Une bouffée d'espoir envahit le cœur d'Aidan. Roderic était un redoutable guerrier. À une époque pas si lointaine, quand Riglian ne cessait de guerroyer avec ses voisins, il aurait certainement été anobli pour ses prouesses sur le champ de bataille. Aujourd'hui, on lui offrait enfin la chance de prouver sa valeur. Il allait sauver l'héritier et ainsi obtenir la reconnaissance royale. Du moins, c'est ce que pensait le prince jusqu'à son regard croise celui du guerrier et que celui-ci détourne la tête.

Non ! Il refusait de croire que Roderic l'ait trahi. Il ne pouvait pas avoir laissé les assassins s'introduire dans le palais, précipitant ainsi ses propres hommes au-devant d'une mort certaine. Et pourtant... Les intrus ne manifestèrent aucune crainte en s'arrêtant devant lui.

— Vous en avez mis du temps, leur lança Roderic d'une voix tendue. Cette fausse alerte dans le cercle extérieur ne les tiendra pas éloigner indéfiniment.

L'ombre haussa les épaules, nullement impressionnée par la réprimande du chef de la garde.

— Un léger contretemps, mais tout est rentré dans l'ordre.

— Les hommes qui montaient la garde devant les appartements du prince ? s'enquit Roderic.

— Je suis désolé, répondit l'assassin qui ne semblait pas désolé pour deux sous. Ils nous ont repérés. Nous avons dû les éliminer.

— C'est faux, s'indigna Aidan. Ils ont été attaqués par surprise, ils n'ont même pas eu le temps de sortir leur arme.

— C'était un risque à prévoir, répondit Roderic comme s'il n'avait pas entendu ce que venait de dire Aidan. Je m'assurerais que leur mémoire soit honorée et leur famille en sécurité.

Son visage resta neutre. Seuls ses poings serrés trahissaient la colère que lui inspirait le meurtre de ses hommes. Meurtre dont, de l'avis d'Aidan, il était le principal responsable.

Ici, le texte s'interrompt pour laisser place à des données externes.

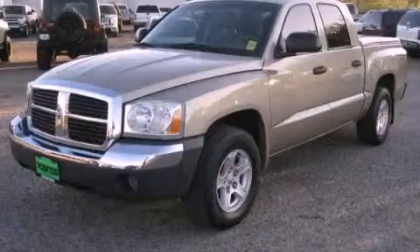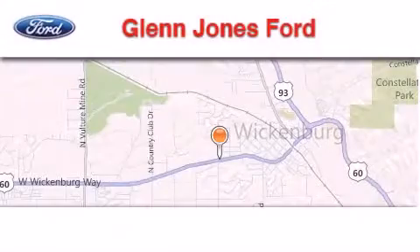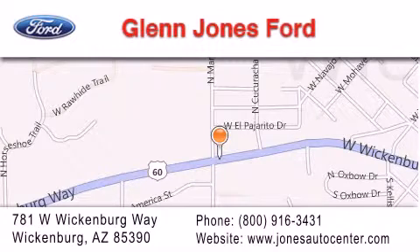Contact us today and schedule your opportunity to see this vehicle in person. Thank you for considering Glenn Jones Ford for your next luxury vehicle. If you have any questions, please visit our website, give us a call, or stop by our dealership. We are located at 781 West Wickenburg Way in Wickenburg.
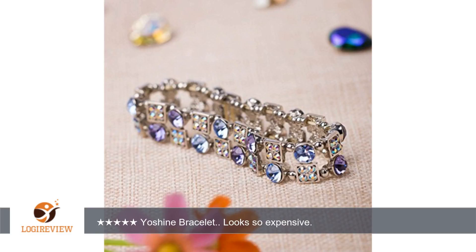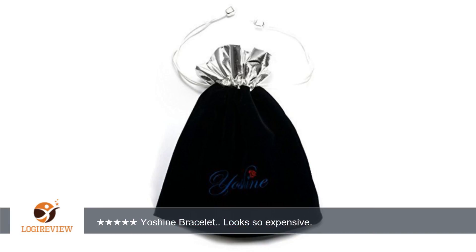I do recommend that all ladies get this if you love jewelry, bracelets, or bling bling. You won't be disappointed. Totally recommended. I received this item at a discount to review, to give my honest and unbiased opinion. Thank you for watching.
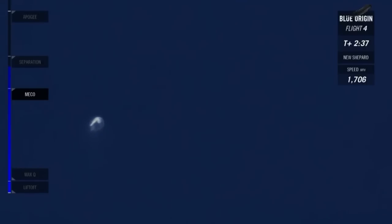Separation should be coming up shortly. And there it is, separation. Separation confirmed from both vehicles.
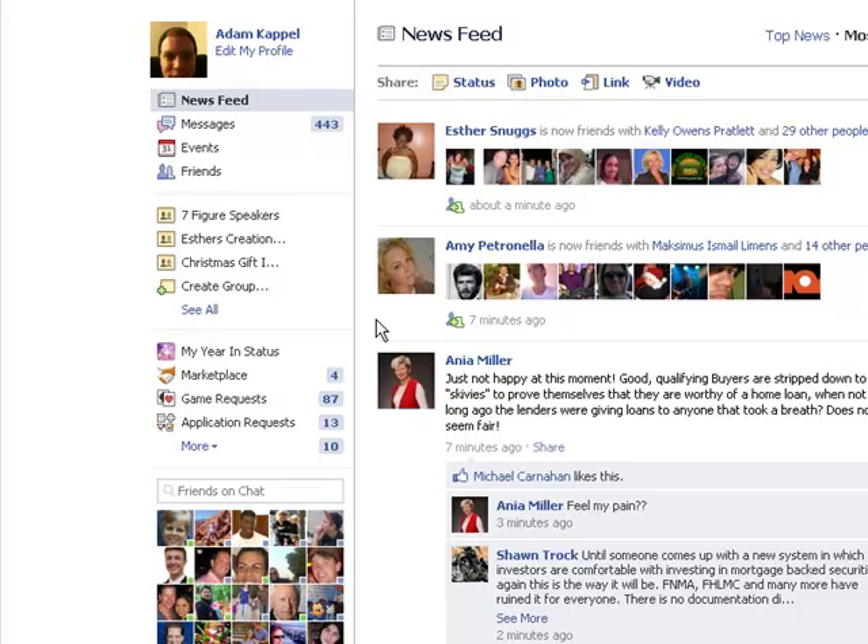There are certain groups that people can just add you to automatically, and you're sent everything that's going on with that group. It's really annoying as far as notifications go — even if you didn't say you wanted to be a part of that group, they can still add you.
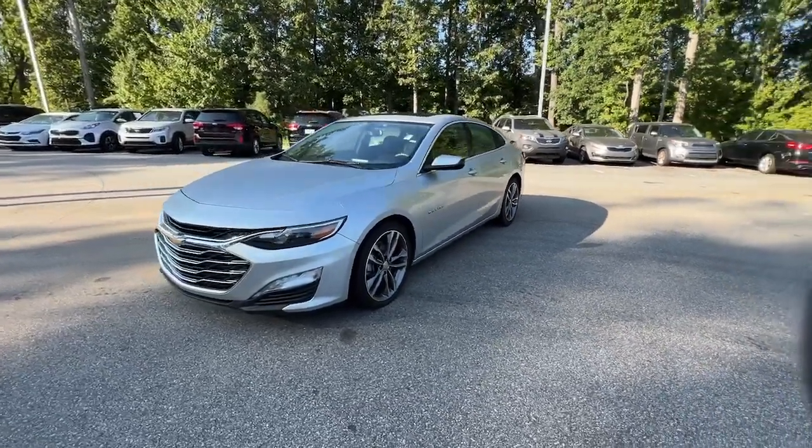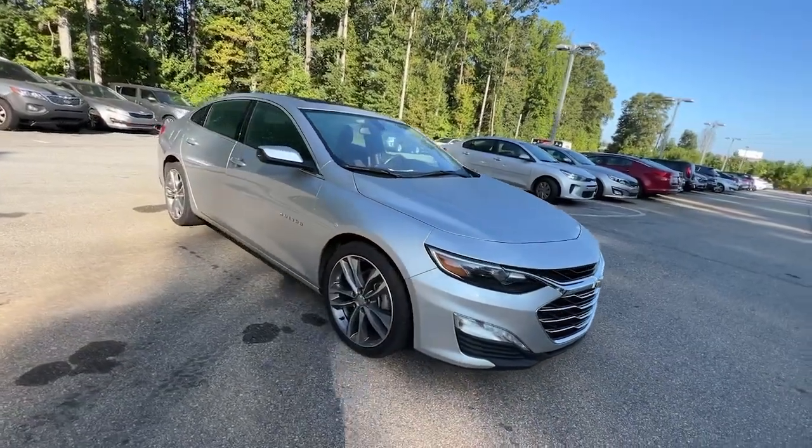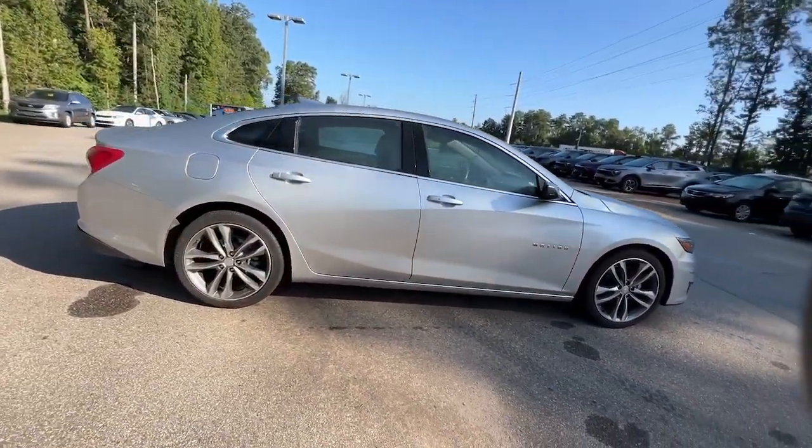Hop into the 2021 Chevrolet Malibu. With less than 60,000 miles on the odometer, this vehicle stands out from the rest.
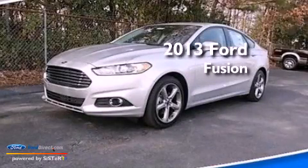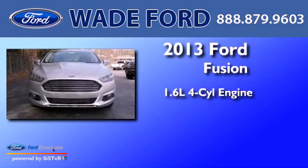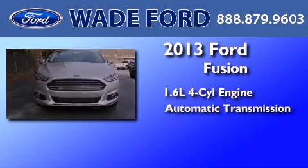This is a brand new 2013 Ford Fusion. It has a 1.6-liter four-cylinder engine and an automatic transmission.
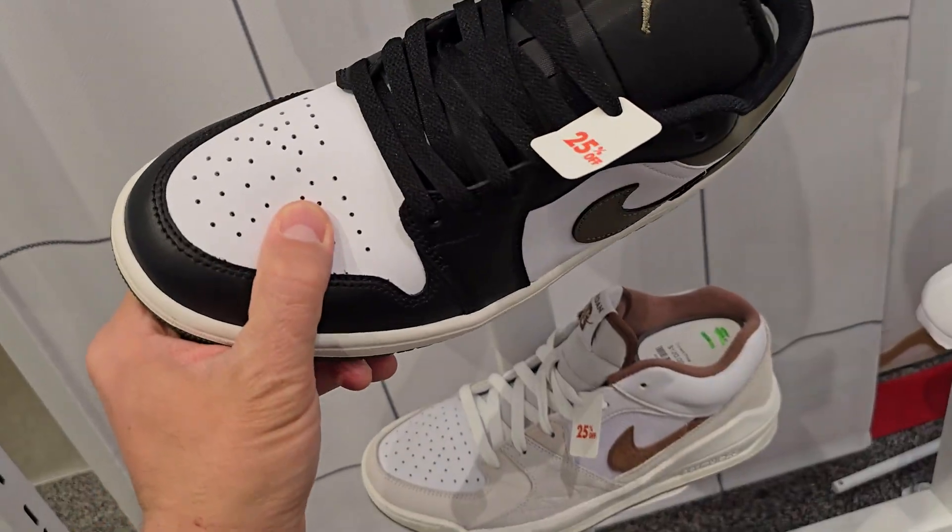In the basketball section they have the Tatum 3s going for $125 — interesting design. Got the Luka 3s in multiple colorways, up to four colorways, going for $130. Still got plenty of Tatum 2s — we've been seeing those discounted. Got the Book Ones right here, still reminds me of Air Force Ones — updated basketball versions. $150 for these. And they got a new colorway of the Ja 2s for $130. I do like this one — much better than the other one, which just feels very plasticky. 120 for that one.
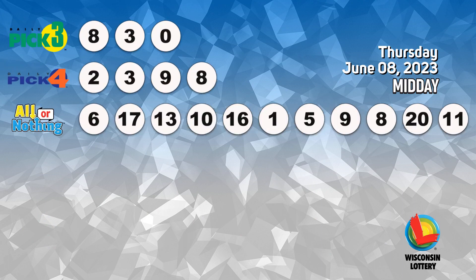The Pick 4 numbers are 5, 2, 1, 2, 1, 2, 1.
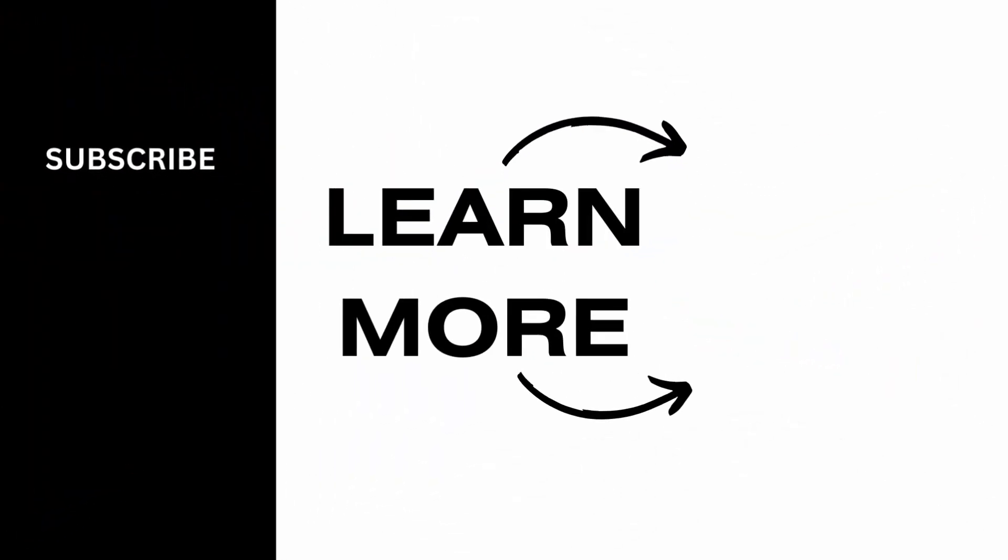That's all for today's video. For more such content, do not forget to hit the like and subscribe button. Thank you and keep watching.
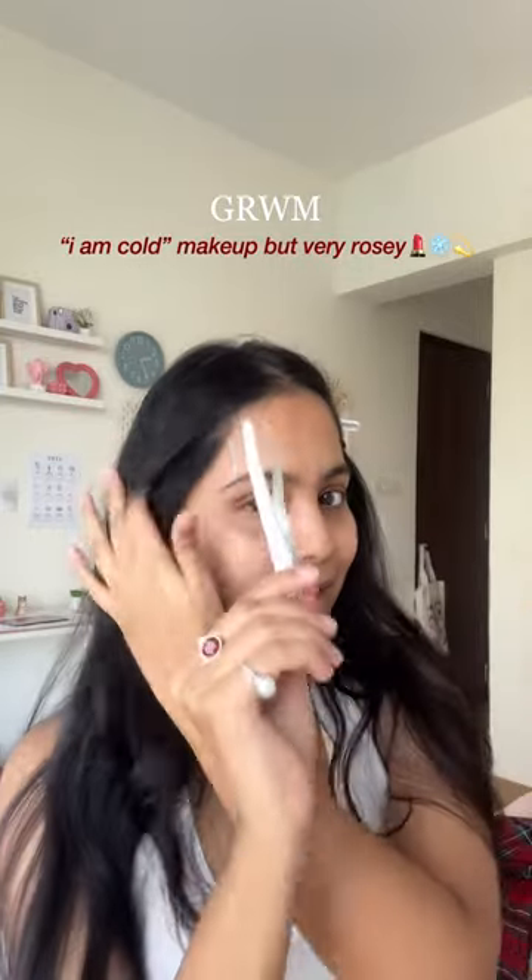Let's do a cold makeup look but also make it a little rosy. I'm going to start with my concealer — I love this one, I've been using it for two years now. Blending it in now.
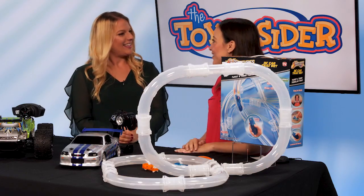Thanks so much for stopping by. Thank you for having me. For more information on these toys, visit thetoyinsider.com or familycircle.com.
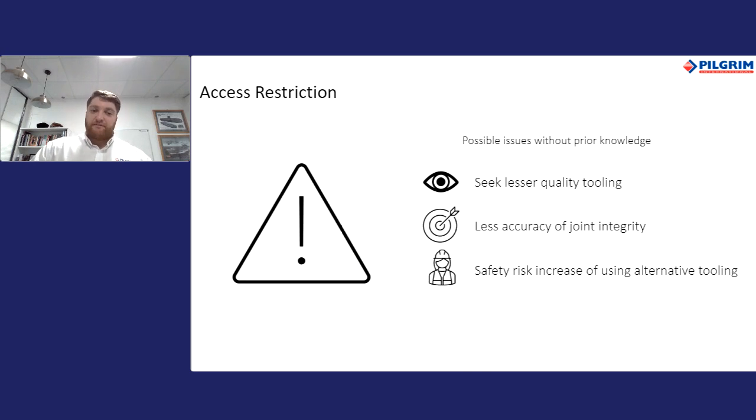Understanding how space restrictions on critical applications can impact maintenance activities is important when selecting the correct tool — which not only helps the plant and operator be safe, but also makes the activity more efficient. Sometimes not being able to visualise what tool can be used is a deciding factor. Pilgrim has tensioning technologies which overcome tight space environments, specifically designed to alleviate issues where tensioning was previously thought not possible, such as a split tensioner, while ensuring worker safety and critical joint integrity.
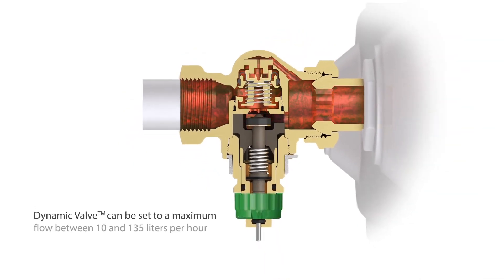Dynamic Valve can be set to a maximum flow between 10 and 135 litres per hour by turning the setting scale.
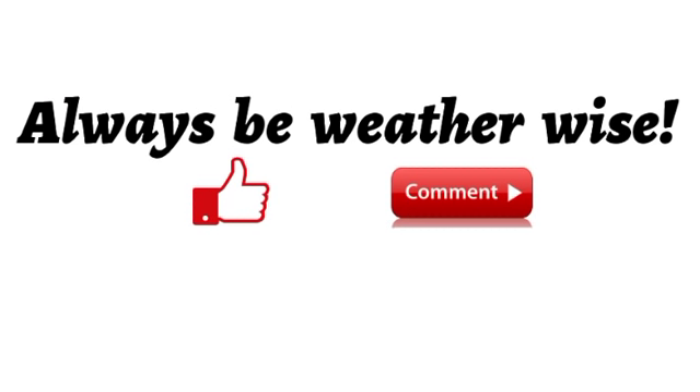If you found this video to be informative, please give a thumbs up and share your thoughts in the comments or ask a question — I will try to respond as best I can. Stay safe and I will keep you updated as time goes by.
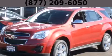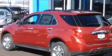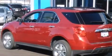This is a brand-new 2015 Chevrolet Equinox, a great blend of utility, comfort, and style. It features a 2.4-liter four-cylinder engine and an automatic transmission.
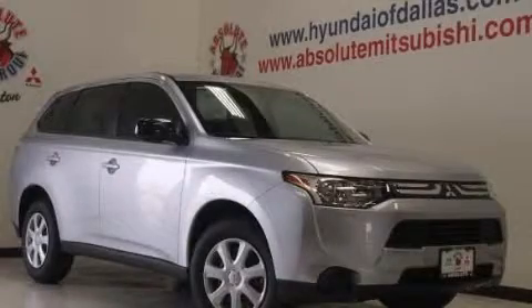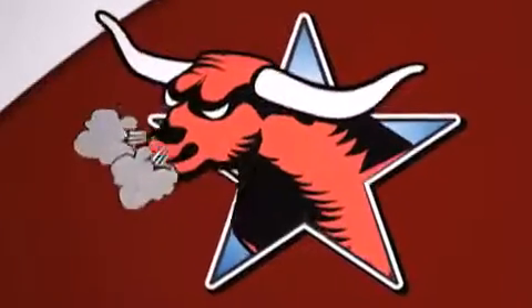Call or visit us right now and arrange your test drive today. All new Hyundais come with America's best 10-year, 100,000-mile warranty.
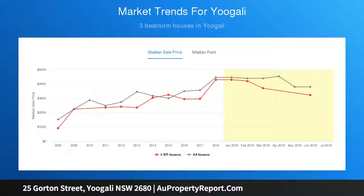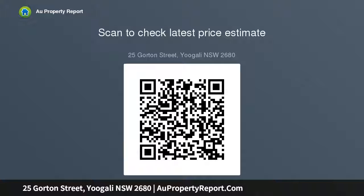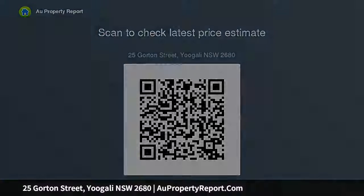Completing the list of features is a single carport and a rear shed offering plenty of additional storage space. All this is set on a large level block, just a short walk from Yoogali Public School and St Mary's Yoogali. Easy access to Burley Griffin Way makes for a fast commute, adding further appeal to this home with its convenient location.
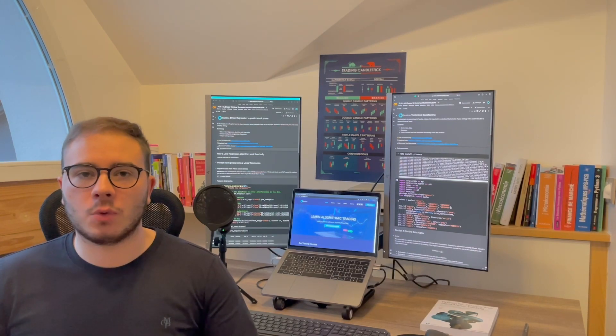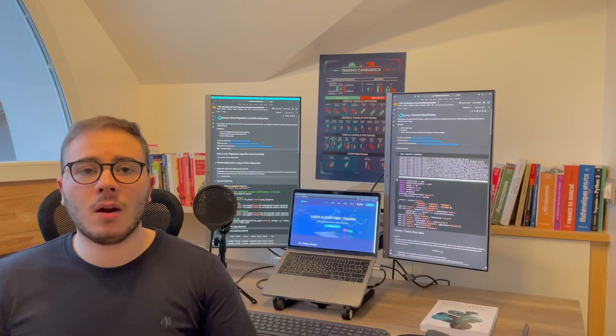Hi Smart Traders, it's Lucas from Conteo. Welcome to this channel which helps you to develop your algorithmic trading strategy and increase your profitability. Today we are going to explain how algorithmic trading works in 60 seconds.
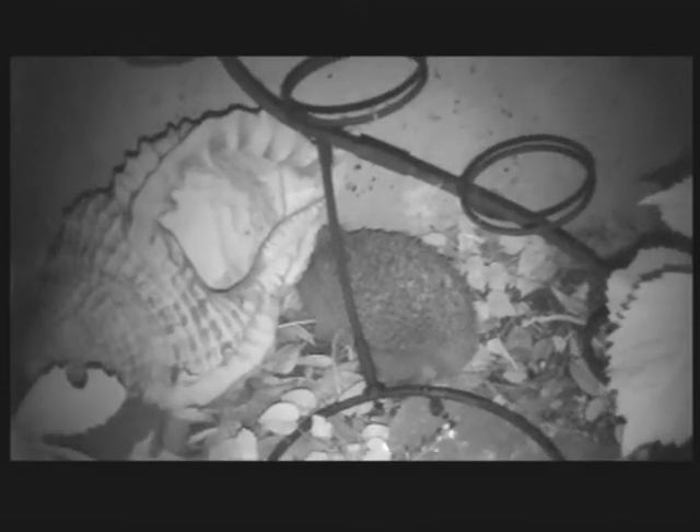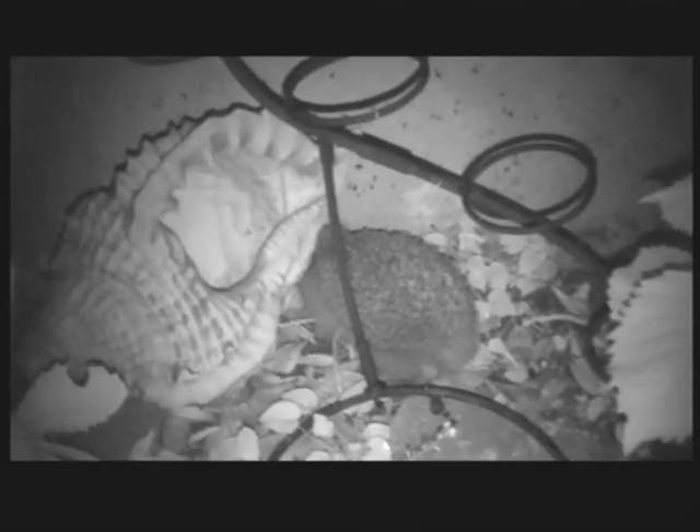Now I've muted the sound on this next bit, but this was just a few moments later. And that's the hedgehog that came very close to me on the earlier part of this video. He's facing the wall there, because he's got a bit spooked by this time.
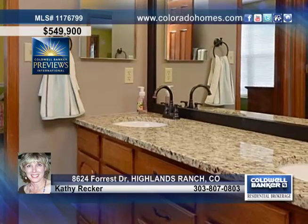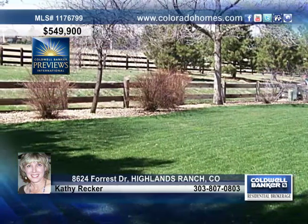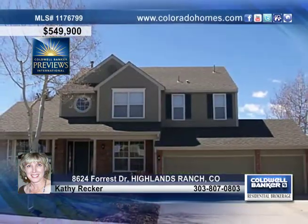There are four bedrooms and three baths on the upper level and a finished basement with a workout room, a rec room, a bath, a wet bar and an enormous storage room. Call Kathy Recker and make this home yours today.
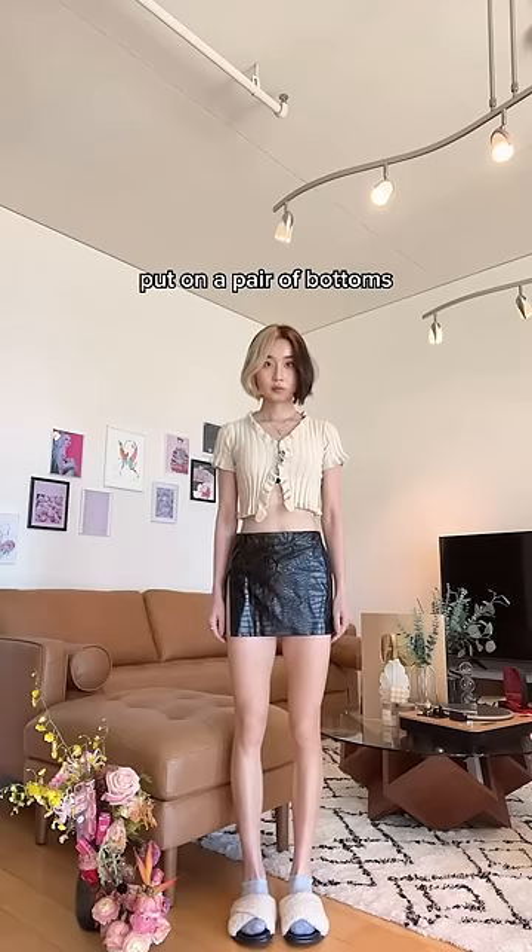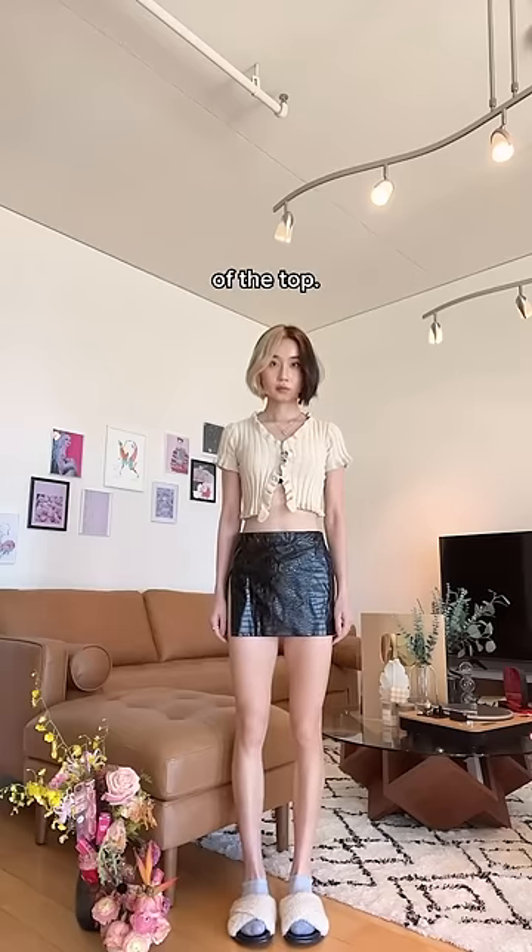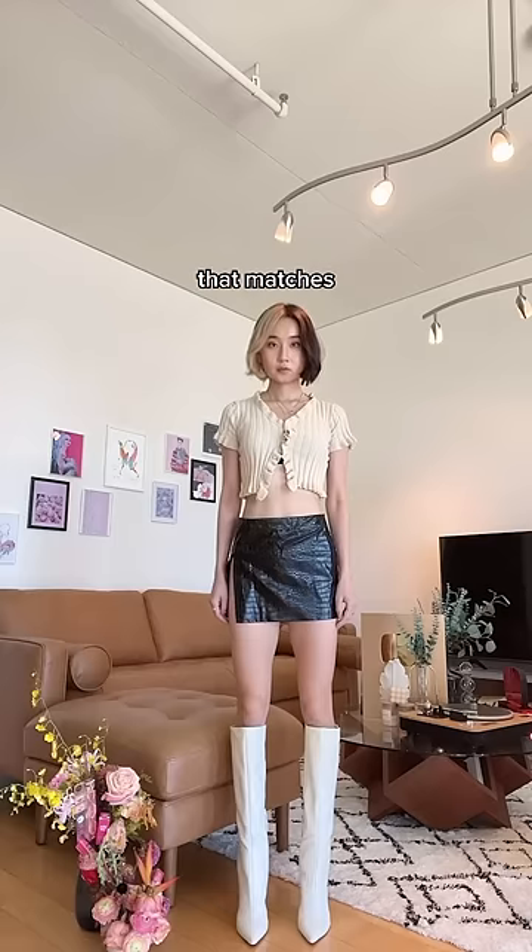Step two: put on a pair of bottoms that do not match the vibe of the top. Step three: put on a pair of shoes that matches the vibe of the top. It's kind of like a vibe sandwich.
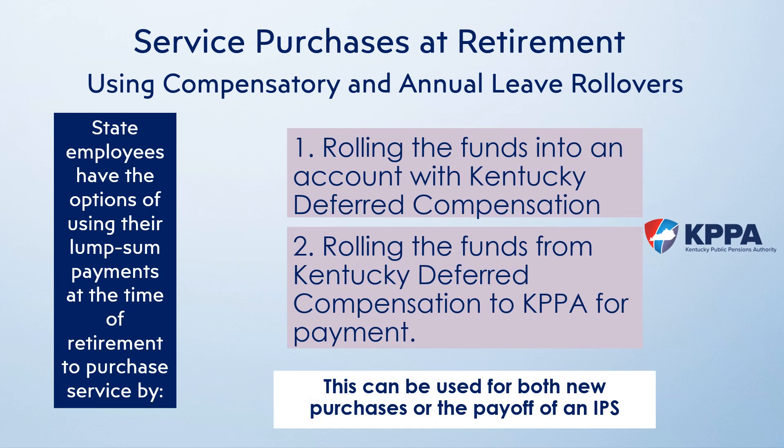You may have the option of paying off an IPS at the time of retirement by rolling over funds from another account. State employees who participate in Kentucky deferred compensation plans also have the opportunity to pay off an IPS or purchase service at retirement using their deferred comp account, plus their payouts of annual time and compensatory time. This allows retiring members to roll their payouts of comp and annual leave to a 401k or 457 with deferred comp, then have those funds rolled back to KPPA. Forms need to be completed by the member and the reporting official at retirement to notify KPPA of the intent.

—Vous sortirez par la prison. Je vous ai apporté des uniformes de la garde, dit-il en leur désignant le tas de vêtements à ses pieds. Ainsi vous passerez pour des soldats escortant un prisonnier. Ne parlez pas que si on vous adresse la parole, et par pitié, évitez de tuer ceux que vous croisez.

— Ouais, ouais, compte sur nous, fit l'ombre qui avait tué Derik en s'emparant d'un pourpoint aux armoiries du roi. En attendant, occupe-toi du prisonnier pendant qu'on se change.

Roderic s'approcha du prince. Ses efforts pour ne pas croiser le regard de l'héritier auraient prêté à rire si la situation avait été un peu moins dramatique.

— Je suis désolé, votre altesse. Je vais devoir vous mettre ça sur la tête, dit-il en désignant la pièce de toile qu'il tenait à la main.

Aidan serra les poings. Il ignorait pourquoi cette trahison le blessait autant. Il savait pourtant qu'un prince ne pouvait accorder sa confiance à personne. Son père en avait fait la douloureuse expérience, bien des années plus tôt quand son plus proche ami avait ourdi une révolte contre lui.

— Dis-moi juste pourquoi. Pourquoi nous as-tu trahis ?

Roderic soupira.

— Le monde change, altesse. Et quand tout sera terminé, je veux être du côté des vainqueurs.

— De quoi parles-tu ? Quels vainqueurs ?

Pour toute réponse, le chef de la garde lui mit le sac sur la tête.